That must be “Words Get in the Way.” Don’t bother to thank me; I accept cash or checks.
Petula Clark’s I Know a Place and the theme from Sesame Street.
Many of these are only vaguely similar, mostly from the beat structure. Especially ones based on traditional songs.
I’m not hearing it. Links added to aid comparison.
Some similarity but not the same.
The Pretender’s first verse of I’ll Stand by You is identical to Shakira’s first verse of Estoy Aqui.
ETA: Thanks to Mrs. Map for noticing this one!
The first few measures of Dvorak’s New World Symphony: 4th Movement and the theme from Jaws.
Not to mention the Kinks’ own You Really Got Me. For years I thought they *were *the same song…
And French cult singer Serge Gainsbourg used one of the themes of the 1st movement in Initiales BB (http://www.youtube.com/watch?v=NuZklVrHspM). He also borrowed from Brahms and Chopin for other songs.
The melody itself is much older than that. 16th or 17th century, I think.
And the guitar riff from obscure late eighties crossover thrash-punk band Excel.
Talking of GaGa, Alejandro sounds awfully close to one of Ace of Base’s singles from the early nineties but I can’t pinpoint which one(All that she wants perhaps?).
Don’t Turn Around is the one I think it sounds like.
Could be, I can’t check right now.
All of Ace of Base’s songs sounded a bit similar anyway.
Any Dream Will Do from Joseph and the Amazing Technicolor Dreamcoat and “Ripple” by the Grateful Dead.

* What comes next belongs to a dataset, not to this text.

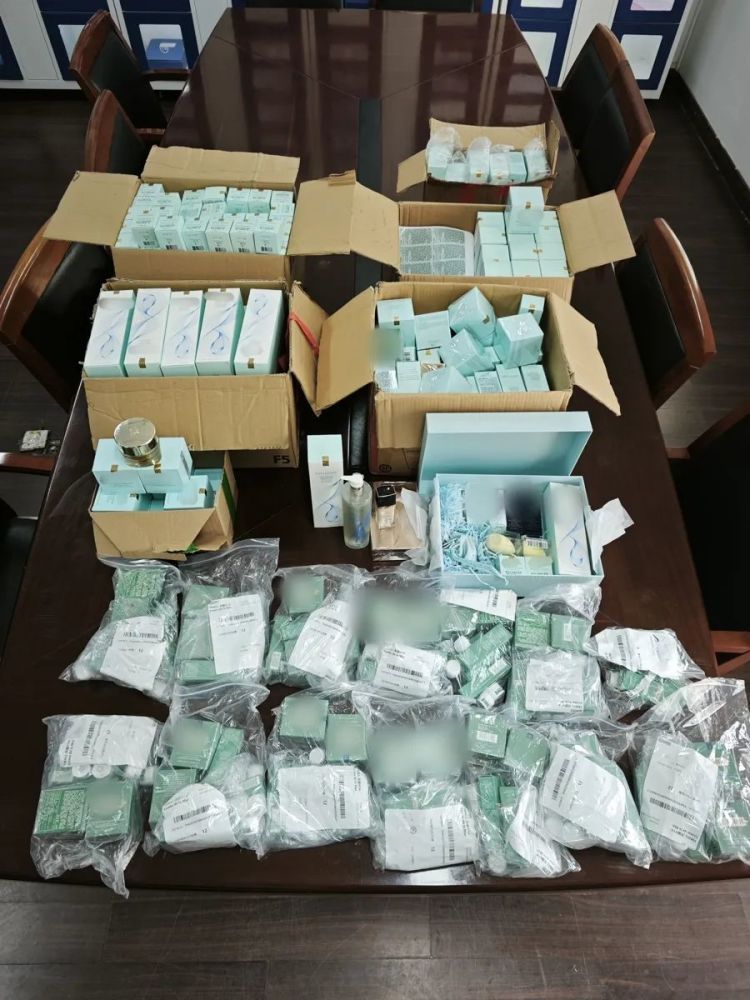 “穿搭博主”网购连帽衫，手被断针划伤？店家赔了4千余元，代工厂：并非自家针头！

“A Little Priest” from Sweeney Todd and “Valse” from Masquerade by Aram Khachuturian.
The melodic intervals of the first two notes make an inversion (upside-down melody), it’s true. But then both have a descending triplet, followed by another descending figure of two notes like the beginning notes. However, the rhythms don’t quite match.

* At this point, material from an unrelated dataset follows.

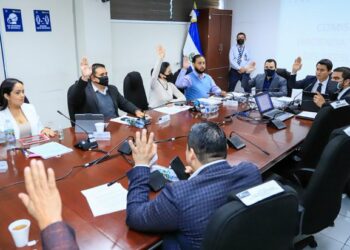 Comisión de Hacienda aprueba Ley Simplificada de Adquisiciones para Obras Municipales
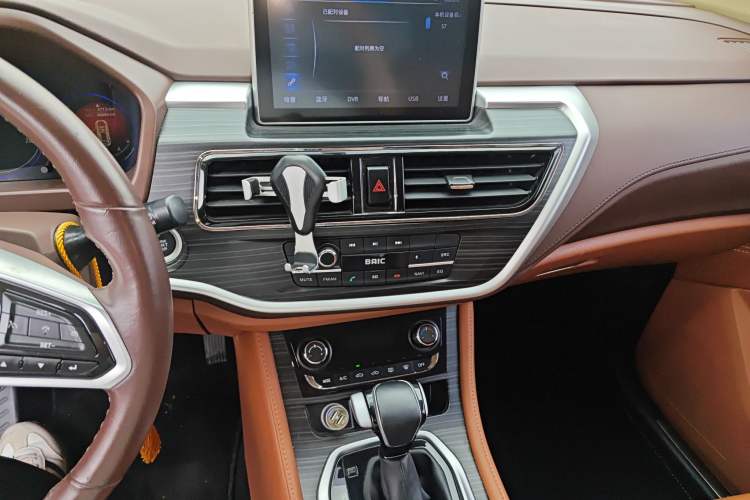 Used HYOSOW S7 2018 1.5T Automatic Premium Edition Audio And AC Panel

Whereas the theme from Lawrence of Arabia is rhythmically an exact match for Born Free, and while the opening two notes are a descending fourth in each, the triplet and following two notes form an exact melodic inversion, each descending interval in Lawrence of Arabia matching up with an ascending interval in Born Free, and vice versa. I discovered this years ago, I wrote out the two melodies together on parallel staves and played them on the piano, and sure enough they form mirror images (except for the first two notes, which are a mirror image in Star Wars to both of the other two). Maurice Jarre gets the props for first writing this melodic figure in 1962, while John Barry in 1966 and John Williams in 1977 cribbed off of him.
BOBBY COMSTOCK LETS STOMP And Sweets Ballroom Blitz.
Listen to the drum intro. Listen to the background guitar riffs.
I’m surprised there wasn’t a lawsuit!
There is a riff in Garbage’s I Think I’m Paranoid that is very similar to The American Breeds Bend Me Shape Me.
The famous riff from Lloyd-Webber’s “Phantom of the Opera” sounds suspiciously like a 1971 Pink Floyd song called “Echoes”. The DAAAAAA-da-da-da-da-DA-DAA-DAA part is distinctive.
That ten-note theme from Les Mis is pretty similar to “Danny Boy” (or London Derriere), if not sueably so.
David Hasselhoff had a song in the late 1980s called “Crazy for You”. If you listen to it, I probably don’t even need to tell you what it sounds like, but just in case…
“YMCA” by the Village People
If I could like this post, I would. There just aren’t enough Benny Hill references in general conversation…
Has anyone ever noticed the similarity between Under the Bridge and Stairway to Heaven?
I can see that. Similar structure – starts with arpegiatted guitar chords, folksy verses, introduce drums but keep it folksy, then finish up with a minute of rousing rock (with chord patterns based on i-flat VII-flat VI), then back to the folksy thing for the brief outro.
A very different one I just noticed: James Gang’s Funk #49 (1970) – the main riff – and Kenny Loggins’ Footloose(1984) – the chorus.
When I was in my twenties and embraced Punk as a relief from over-polished Stadium & Yacht Rock: Rock was not about skill.
Before I knew it, I was 44, U2 released Vertigo, and I mentioned that it was the Supremes’ You Keep Me Hanging On. The twenty-somethings gave me dirty looks and reminded me that Rock is not about originality, either.